The consequences of disruptions in the Strait of Hormuz in small markets in northern Rwanda, southern Niger, or in the highlands of Central Kenya and beyond, mean less food production, less food at the table, and less income for small-scale food producers. This is what a distant conflict looks like at the “first mile” of food systems, where small-scale food producers meet markets, finance and inputs. The projected effects of this crisis will hit hardest in the second half of 2026 as farmers decide how much to plant. This is not an isolated event. These effects are the latest in a chain of economic, climate and geopolitical shocks bearing down on Africa’s rural economies. El Niño conditions expected to emerge in the second half of 2026 add new uncertainty to areas already grappling with climate volatility on top of this latest crisis.

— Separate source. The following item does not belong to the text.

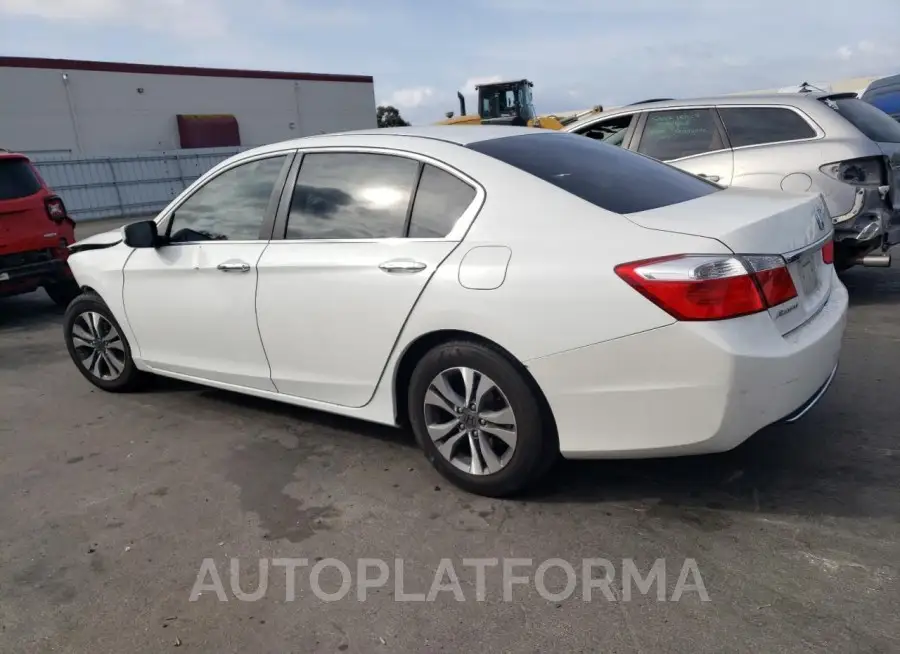 HONDA ACCORD LX 2015 vin 1HGCR2F30FA085054 from auto auction Copart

The result of these compounding shocks is familiar: higher production costs, rising food prices, deeper hunger and greater macroeconomic strain. The IMF has warned of weaker growth and higher inflation in Africa, with median inflation in sub-Saharan Africa projected to reach five per cent by the end of 2026.
On the heels of last week’s African Development Bank Annual Meetings in Brazzaville, the stakes could not be clearer: Africa’s rural economies cannot absorb this level of pressure alone. This moment demands African leadership, partnership, and ambitious investment to not only protect the next harvest, but to build stronger and more sustainable rural economies that are resilient to inevitable future shocks.